*What the task requires*: Each line between the one holding "Sougayilang Baitcaster Rod" and the end of the material below, both included, is to be transcribed word for word, with pictures left out.

*Data*:
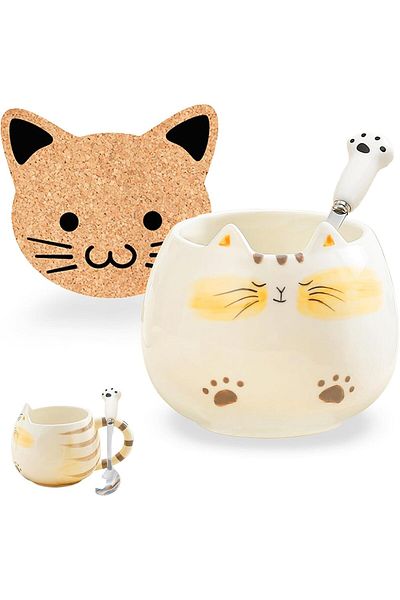 Generic Gifts for Women Cute Stuff Christmas Cat Coffee Mug Friendship Gifts Ceramic Kawaii Tea Cup Funny N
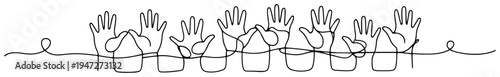 Cheering hands raised in a row continuous one line drawing style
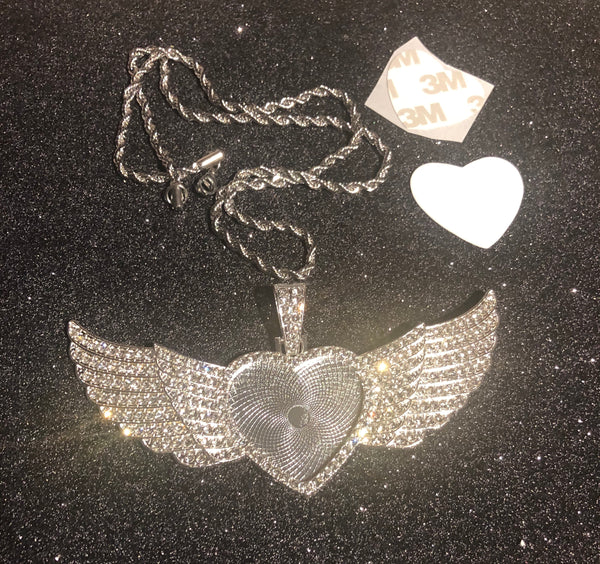 Large Silver Heart Pendant with Wings & Chain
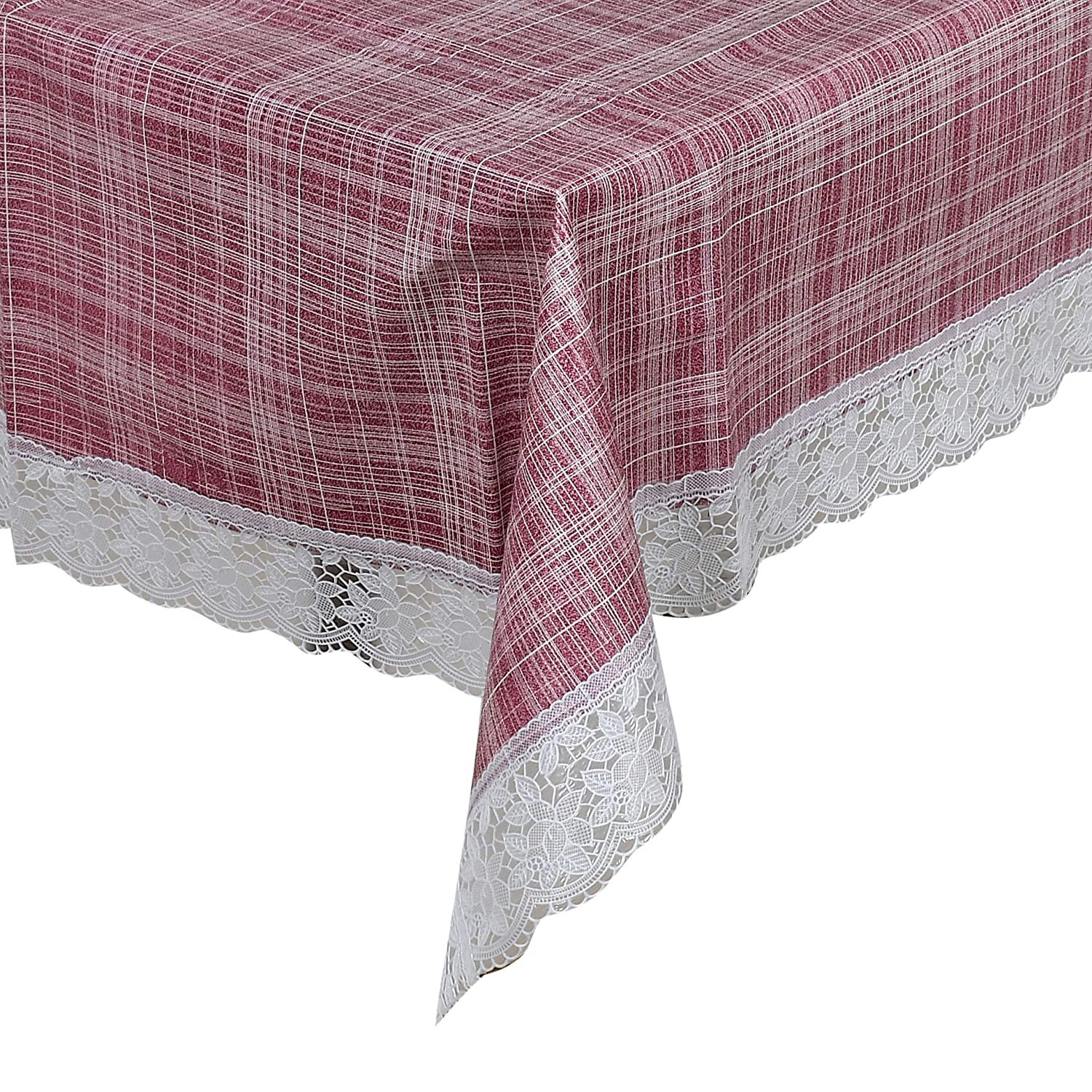 Kuber Industries Lining Printed PVC 6 Seater Dinning Table Cover 60x90 Pink-HS43KUBMART25649
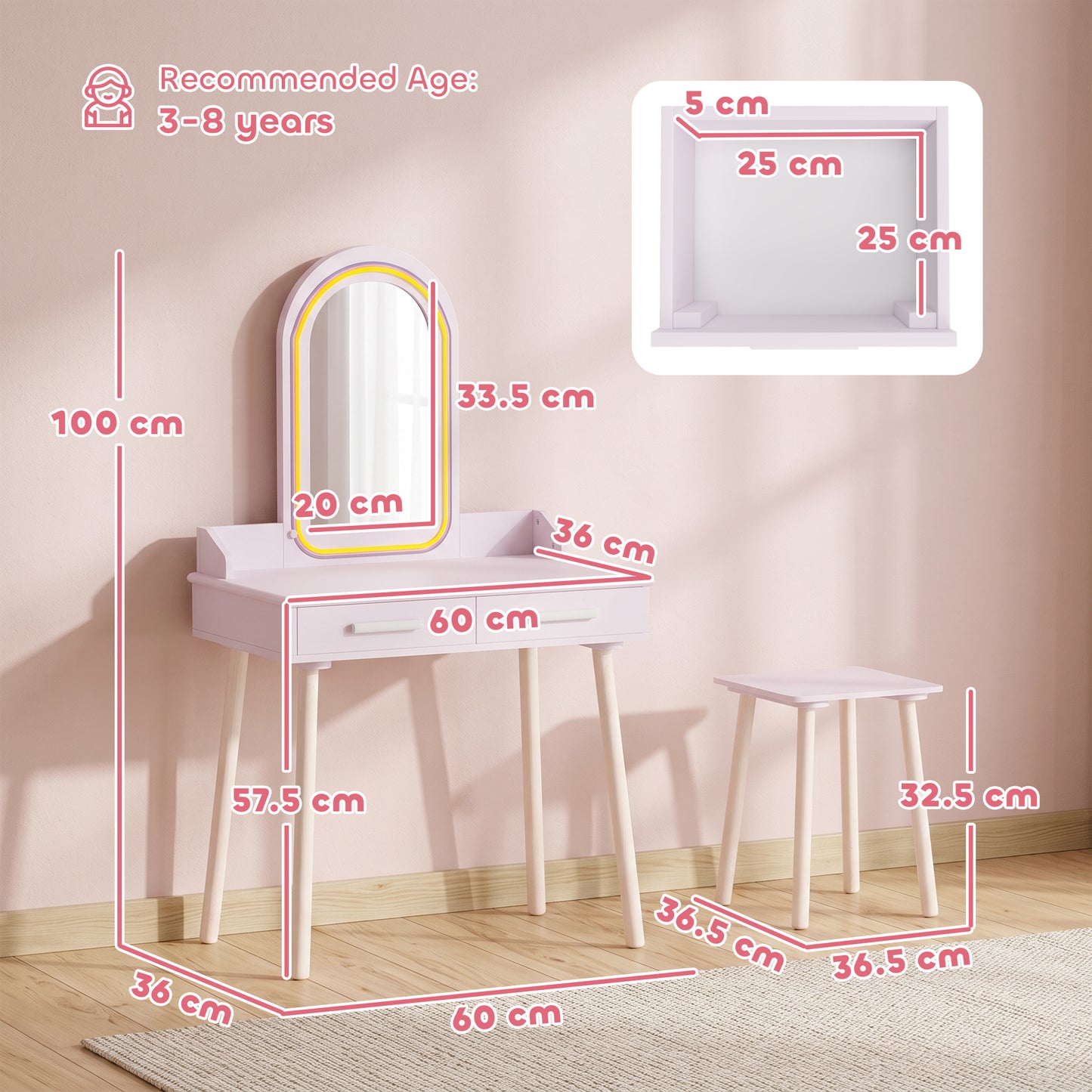 AIYAPLAY Kids Dressing Table And Stool Set With LED Mirror Three Colour Lights Pink For Ages 3 To 8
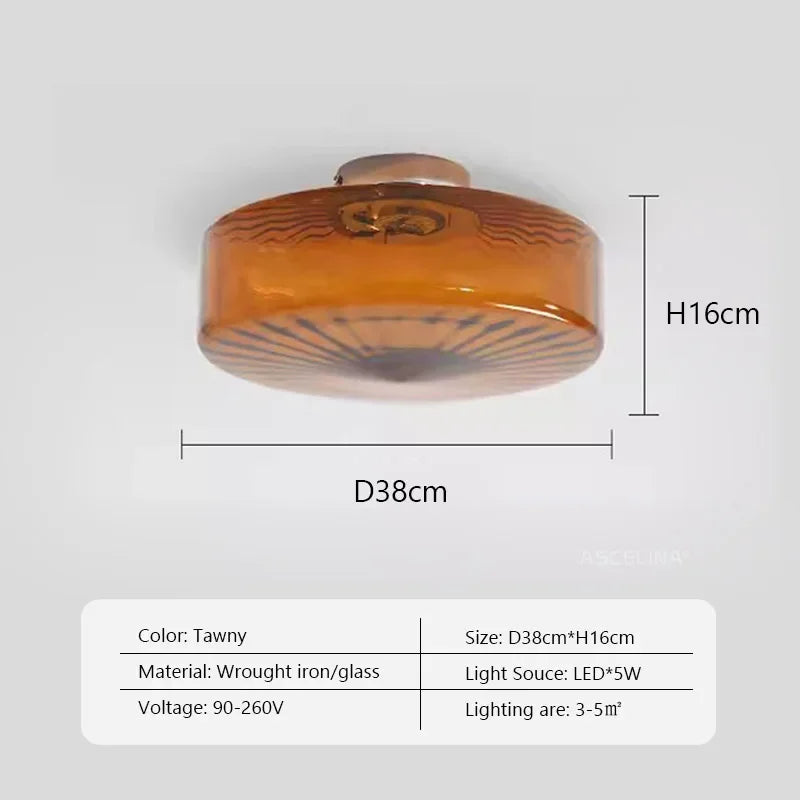 plafonnier led rond en verre ondulé rétro décoratif d'intérieur - vue 9 sur 9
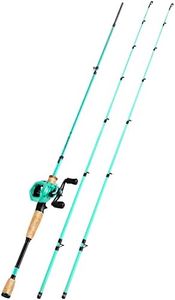 Sougayilang Baitcaster Rod and Reel Combo, 2Pc Fishing Pole and Baitcasting Combo-Green-5.9ft, A-Turquoise-Right Handed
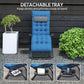 Padded Folding Recliner Chair, Patio Lounger with Cupholder, Adjustable Backrest, Removable Cushion, Navy Blue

*Exercise response*:
 Sougayilang Baitcaster Rod and Reel Combo, 2Pc Fishing Pole and Baitcasting Combo-Green-5.9ft, A-Turquoise-Right Handed
 Padded Folding Recliner Chair, Patio Lounger with Cupholder, Adjustable Backrest, Removable Cushion, Navy Blue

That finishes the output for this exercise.